The screenshots above show the same prompt with one significant word difference. The first screenshot asks about a “headache”, while the second asks about “cephalagia”. By using medical jargon in the prompt, the Gen AI session has responded with information about prescription medications, and combined some treatment options under a new category of lifestyle modifications.
If using templates, like shown previously, the words used for the field names can help the Gen AI with the task. Instead of vague or ambiguous words for placeholders, e.g. “output” or “result”, use words that have a clear meaning, e.g. “capital city name” or “task completion time”. These will be replaced by the Gen AI in the response, so it’s ok if they are a bit verbose.
Conclusion: In developing a prompt, try a range of different words, and in particular try words that have specific definitions in domains that relate to how you want the Gen AI to respond. You can also ask the Gen AI to provide wording suggestions, and try those out also.
5. In the absence of the right words, examples are good
In the parlance of machine learning, a system that can complete a new task without any additional training examples is called “zero shot learning“. Similarly, if you provide one example, that’s “one shot learning”, or just a few examples is “few shot learning”. Providing examples in a prompt to a Gen AI is not learning in the same way that is meant by those terms, but the terms have come to stand in for a similar approach.
Sometimes it’s easier just to give examples to the Gen AI for what you’d like it to do rather than experiment with a range of prompts until you hit upon the perfect one. Frequently, one example is not enough, so a few examples are required. You may also need to combine it with a short prompt to make clear that the Gen AI is to follow the examples as a template for how to respond.

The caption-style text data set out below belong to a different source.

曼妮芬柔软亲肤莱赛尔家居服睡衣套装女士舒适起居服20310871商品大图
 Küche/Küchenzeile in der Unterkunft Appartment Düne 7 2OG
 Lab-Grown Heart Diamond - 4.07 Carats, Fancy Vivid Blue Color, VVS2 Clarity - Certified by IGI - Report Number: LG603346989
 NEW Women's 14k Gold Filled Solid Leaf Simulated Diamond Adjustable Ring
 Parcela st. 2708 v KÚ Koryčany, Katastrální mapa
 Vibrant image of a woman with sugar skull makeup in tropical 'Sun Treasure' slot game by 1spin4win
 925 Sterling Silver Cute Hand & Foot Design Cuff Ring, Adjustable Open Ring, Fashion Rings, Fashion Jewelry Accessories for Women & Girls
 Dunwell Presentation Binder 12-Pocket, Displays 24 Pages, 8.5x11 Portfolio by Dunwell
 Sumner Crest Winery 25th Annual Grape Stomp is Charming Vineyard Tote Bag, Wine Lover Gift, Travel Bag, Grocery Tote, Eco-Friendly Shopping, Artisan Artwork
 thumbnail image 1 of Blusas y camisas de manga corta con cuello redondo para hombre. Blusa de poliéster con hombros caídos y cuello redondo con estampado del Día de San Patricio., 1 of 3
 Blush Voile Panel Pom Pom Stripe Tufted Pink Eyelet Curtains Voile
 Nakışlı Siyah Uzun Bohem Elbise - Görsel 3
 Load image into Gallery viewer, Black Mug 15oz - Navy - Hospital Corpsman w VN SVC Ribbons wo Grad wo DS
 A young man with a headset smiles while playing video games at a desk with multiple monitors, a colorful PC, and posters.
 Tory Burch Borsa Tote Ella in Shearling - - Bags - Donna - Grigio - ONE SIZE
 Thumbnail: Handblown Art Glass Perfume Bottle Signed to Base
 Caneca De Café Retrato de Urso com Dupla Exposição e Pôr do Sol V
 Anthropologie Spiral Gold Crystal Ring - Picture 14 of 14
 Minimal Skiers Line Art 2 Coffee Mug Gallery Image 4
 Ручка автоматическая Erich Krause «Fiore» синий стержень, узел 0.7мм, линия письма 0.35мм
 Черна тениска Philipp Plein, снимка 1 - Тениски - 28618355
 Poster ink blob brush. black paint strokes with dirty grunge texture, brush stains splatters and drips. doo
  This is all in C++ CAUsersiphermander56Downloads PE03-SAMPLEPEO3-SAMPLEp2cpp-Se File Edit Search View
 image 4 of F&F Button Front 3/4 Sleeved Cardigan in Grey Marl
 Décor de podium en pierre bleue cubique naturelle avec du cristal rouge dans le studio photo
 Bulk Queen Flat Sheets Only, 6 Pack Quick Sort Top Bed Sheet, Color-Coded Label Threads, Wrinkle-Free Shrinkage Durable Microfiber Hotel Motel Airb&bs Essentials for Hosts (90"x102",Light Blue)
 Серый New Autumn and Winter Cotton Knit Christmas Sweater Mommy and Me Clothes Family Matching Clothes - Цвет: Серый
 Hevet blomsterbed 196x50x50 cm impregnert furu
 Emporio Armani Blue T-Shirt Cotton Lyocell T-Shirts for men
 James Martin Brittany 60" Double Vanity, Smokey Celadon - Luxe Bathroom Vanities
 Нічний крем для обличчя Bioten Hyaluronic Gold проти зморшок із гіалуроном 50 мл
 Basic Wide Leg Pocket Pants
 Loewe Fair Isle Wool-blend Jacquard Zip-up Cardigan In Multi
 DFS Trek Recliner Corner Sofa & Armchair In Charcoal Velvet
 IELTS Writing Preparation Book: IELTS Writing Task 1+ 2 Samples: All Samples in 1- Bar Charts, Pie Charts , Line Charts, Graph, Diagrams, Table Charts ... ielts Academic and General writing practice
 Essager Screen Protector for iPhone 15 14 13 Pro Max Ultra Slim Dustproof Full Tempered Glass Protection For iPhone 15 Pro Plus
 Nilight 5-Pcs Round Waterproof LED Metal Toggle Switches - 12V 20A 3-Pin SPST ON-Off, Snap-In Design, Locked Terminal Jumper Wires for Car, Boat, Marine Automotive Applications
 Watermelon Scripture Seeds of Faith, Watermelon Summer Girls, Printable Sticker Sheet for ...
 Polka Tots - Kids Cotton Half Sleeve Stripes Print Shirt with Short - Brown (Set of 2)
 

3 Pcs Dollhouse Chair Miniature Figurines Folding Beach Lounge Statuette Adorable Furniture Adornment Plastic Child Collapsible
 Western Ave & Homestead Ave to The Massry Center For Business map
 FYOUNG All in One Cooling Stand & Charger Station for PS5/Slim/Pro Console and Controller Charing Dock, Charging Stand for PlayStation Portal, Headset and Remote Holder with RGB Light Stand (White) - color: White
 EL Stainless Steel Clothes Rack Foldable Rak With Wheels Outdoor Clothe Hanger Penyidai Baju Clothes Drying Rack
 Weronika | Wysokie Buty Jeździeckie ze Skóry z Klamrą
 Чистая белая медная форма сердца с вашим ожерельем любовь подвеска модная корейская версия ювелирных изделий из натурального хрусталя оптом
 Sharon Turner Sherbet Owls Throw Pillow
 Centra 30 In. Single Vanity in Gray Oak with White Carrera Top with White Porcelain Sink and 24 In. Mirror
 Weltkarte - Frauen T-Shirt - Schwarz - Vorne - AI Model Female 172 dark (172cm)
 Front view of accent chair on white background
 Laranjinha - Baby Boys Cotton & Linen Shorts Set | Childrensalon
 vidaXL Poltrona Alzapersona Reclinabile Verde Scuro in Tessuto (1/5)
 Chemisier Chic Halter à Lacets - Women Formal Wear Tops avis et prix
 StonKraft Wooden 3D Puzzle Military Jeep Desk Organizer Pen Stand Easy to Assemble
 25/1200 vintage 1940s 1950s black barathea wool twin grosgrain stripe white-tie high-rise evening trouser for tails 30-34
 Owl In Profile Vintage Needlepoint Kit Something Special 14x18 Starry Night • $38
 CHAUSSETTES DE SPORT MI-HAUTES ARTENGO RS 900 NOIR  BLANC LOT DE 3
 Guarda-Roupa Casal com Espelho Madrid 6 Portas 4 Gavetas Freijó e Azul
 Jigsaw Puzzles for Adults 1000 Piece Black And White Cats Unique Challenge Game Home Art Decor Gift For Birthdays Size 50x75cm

Since the Gen AI first has to guess what to do before it can do it, there’s a risk it will guess the wrong thing. For example, the first screenshot required around five attempts before the Gen AI tool gave the correct response. Another possible approach is to use some examples to have the Gen AI generate the instructions to use in a prompt. This way, the first guessing step can be skipped in future interactions.
It may take a bit of experimentation to have the Gen AI provide a repeatable set of instructions that does what you want.
Conclusion: The ability for current Gen AI tools to be able to infer an action from examples is rather impressive, but using examples can increase the risk that the prompt is not consistently followed. Providing structure, and descriptive words in any field names and in any introductory instructions can help. Also, perhaps examples can be used to generate a new prompt rather than be used directly.